- [What the exercise asks]: Lines from the top of the entries through the line that has "Plateaux Et Soucoupes" must be duplicated exactly, and no others.

- [Excerpted data]:
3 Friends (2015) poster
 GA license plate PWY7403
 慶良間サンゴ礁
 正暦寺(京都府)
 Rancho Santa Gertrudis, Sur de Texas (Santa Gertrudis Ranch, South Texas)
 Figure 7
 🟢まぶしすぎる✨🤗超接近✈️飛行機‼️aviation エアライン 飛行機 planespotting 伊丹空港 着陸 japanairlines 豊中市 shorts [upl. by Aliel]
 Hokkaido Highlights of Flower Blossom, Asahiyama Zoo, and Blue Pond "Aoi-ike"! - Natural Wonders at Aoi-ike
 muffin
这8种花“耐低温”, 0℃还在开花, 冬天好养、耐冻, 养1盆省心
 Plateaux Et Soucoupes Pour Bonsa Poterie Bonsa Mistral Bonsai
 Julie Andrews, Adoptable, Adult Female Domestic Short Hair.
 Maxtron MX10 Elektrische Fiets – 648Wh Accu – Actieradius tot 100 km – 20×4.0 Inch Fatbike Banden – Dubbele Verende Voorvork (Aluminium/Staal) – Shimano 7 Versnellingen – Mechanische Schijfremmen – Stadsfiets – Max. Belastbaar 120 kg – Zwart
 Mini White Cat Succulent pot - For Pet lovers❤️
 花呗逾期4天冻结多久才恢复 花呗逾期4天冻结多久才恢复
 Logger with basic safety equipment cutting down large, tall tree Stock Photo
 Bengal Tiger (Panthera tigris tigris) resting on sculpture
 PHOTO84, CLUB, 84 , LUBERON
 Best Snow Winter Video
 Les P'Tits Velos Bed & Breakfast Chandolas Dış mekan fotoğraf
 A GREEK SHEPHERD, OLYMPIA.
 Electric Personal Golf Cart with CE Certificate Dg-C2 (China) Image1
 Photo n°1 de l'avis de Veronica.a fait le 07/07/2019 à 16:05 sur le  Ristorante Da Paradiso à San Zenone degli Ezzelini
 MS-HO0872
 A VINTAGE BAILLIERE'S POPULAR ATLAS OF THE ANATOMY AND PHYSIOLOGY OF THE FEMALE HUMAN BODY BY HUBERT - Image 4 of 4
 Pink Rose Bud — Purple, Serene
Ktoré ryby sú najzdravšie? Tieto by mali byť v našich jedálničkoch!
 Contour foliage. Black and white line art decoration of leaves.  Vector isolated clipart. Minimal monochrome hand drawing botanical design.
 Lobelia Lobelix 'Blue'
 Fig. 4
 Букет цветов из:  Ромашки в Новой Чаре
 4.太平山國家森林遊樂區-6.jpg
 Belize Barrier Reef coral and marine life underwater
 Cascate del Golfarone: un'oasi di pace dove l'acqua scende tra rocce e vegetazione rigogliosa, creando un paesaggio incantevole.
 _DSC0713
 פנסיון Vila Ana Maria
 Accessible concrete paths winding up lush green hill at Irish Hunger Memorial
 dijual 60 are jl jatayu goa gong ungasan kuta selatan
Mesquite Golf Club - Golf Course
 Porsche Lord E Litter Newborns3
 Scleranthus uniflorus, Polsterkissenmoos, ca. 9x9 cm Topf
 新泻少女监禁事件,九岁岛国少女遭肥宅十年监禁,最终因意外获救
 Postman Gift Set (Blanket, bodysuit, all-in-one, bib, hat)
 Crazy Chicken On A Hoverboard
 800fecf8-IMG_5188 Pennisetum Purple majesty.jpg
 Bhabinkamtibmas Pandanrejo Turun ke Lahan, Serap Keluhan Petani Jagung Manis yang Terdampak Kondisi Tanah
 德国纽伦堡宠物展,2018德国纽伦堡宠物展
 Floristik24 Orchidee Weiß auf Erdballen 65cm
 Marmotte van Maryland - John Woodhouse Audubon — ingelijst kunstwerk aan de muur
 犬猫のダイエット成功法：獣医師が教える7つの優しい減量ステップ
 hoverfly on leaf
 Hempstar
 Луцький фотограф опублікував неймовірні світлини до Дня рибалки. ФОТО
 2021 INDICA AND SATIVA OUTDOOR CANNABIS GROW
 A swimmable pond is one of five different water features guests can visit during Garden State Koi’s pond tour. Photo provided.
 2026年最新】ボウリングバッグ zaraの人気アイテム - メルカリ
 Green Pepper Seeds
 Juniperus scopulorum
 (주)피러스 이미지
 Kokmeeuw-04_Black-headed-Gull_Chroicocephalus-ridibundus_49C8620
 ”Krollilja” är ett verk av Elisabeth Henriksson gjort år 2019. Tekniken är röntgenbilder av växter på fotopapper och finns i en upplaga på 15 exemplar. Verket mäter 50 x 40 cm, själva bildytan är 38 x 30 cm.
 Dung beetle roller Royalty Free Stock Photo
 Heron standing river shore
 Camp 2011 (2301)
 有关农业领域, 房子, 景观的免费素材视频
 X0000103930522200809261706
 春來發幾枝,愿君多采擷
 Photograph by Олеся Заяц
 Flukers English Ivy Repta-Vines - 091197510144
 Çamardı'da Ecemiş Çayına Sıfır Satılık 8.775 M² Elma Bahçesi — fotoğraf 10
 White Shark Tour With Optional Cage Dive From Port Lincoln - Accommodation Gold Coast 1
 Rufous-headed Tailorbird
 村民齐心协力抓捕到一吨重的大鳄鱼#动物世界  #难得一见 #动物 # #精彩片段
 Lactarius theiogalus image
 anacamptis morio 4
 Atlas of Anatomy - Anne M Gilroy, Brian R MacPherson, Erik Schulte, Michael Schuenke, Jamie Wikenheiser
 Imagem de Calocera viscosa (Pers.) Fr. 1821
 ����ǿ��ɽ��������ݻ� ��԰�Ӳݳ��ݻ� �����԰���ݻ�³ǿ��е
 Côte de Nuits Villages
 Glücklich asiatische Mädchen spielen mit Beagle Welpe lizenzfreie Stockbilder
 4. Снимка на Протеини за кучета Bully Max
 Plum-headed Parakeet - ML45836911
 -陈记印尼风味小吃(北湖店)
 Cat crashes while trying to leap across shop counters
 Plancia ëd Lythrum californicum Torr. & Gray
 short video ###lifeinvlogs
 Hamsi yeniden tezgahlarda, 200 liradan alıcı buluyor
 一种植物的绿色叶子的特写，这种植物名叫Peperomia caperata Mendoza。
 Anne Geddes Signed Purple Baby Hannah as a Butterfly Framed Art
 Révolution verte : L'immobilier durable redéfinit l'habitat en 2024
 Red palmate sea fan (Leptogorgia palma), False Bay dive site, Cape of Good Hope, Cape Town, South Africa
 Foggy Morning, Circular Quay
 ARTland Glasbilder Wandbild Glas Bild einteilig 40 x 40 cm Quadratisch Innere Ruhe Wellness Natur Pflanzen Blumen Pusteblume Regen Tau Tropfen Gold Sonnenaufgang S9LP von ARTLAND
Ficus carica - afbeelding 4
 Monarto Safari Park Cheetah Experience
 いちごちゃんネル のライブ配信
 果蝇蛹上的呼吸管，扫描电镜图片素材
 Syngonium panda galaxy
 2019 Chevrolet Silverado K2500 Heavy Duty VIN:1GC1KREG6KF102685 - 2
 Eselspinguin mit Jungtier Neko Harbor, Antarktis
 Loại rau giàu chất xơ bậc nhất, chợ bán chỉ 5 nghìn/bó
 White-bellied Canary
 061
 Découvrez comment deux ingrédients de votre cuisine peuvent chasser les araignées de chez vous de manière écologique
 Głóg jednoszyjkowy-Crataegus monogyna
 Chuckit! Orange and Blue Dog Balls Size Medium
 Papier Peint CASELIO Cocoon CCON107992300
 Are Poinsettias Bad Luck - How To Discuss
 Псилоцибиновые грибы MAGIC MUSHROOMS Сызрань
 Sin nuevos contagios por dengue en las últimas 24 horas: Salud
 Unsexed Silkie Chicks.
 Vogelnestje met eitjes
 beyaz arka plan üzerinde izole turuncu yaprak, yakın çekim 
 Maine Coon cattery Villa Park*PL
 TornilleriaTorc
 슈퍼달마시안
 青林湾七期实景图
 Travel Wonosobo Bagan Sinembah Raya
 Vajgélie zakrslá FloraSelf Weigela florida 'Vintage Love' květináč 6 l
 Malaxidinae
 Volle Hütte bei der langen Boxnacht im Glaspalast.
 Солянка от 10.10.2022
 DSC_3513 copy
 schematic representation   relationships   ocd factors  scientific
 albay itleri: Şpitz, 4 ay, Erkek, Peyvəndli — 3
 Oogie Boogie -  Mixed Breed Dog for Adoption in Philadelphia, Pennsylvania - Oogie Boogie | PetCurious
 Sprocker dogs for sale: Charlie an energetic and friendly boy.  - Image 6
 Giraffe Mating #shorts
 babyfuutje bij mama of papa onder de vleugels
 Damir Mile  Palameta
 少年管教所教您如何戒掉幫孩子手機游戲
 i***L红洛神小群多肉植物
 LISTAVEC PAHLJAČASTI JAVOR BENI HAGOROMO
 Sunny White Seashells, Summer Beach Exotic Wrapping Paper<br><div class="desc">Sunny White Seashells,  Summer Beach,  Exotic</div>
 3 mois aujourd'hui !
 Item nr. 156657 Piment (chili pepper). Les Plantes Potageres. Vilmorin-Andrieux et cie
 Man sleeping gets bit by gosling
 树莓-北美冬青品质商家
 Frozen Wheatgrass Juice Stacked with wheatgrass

- [Exercise result]:
3 Friends (2015) poster
 GA license plate PWY7403
 慶良間サンゴ礁
 正暦寺(京都府)
 Rancho Santa Gertrudis, Sur de Texas (Santa Gertrudis Ranch, South Texas)
 Figure 7
 🟢まぶしすぎる✨🤗超接近✈️飛行機‼️aviation エアライン 飛行機 planespotting 伊丹空港 着陸 japanairlines 豊中市 shorts [upl. by Aliel]
 Hokkaido Highlights of Flower Blossom, Asahiyama Zoo, and Blue Pond "Aoi-ike"! - Natural Wonders at Aoi-ike
 muffin
这8种花“耐低温”, 0℃还在开花, 冬天好养、耐冻, 养1盆省心
 Plateaux Et Soucoupes Pour Bonsa Poterie Bonsa Mistral Bonsai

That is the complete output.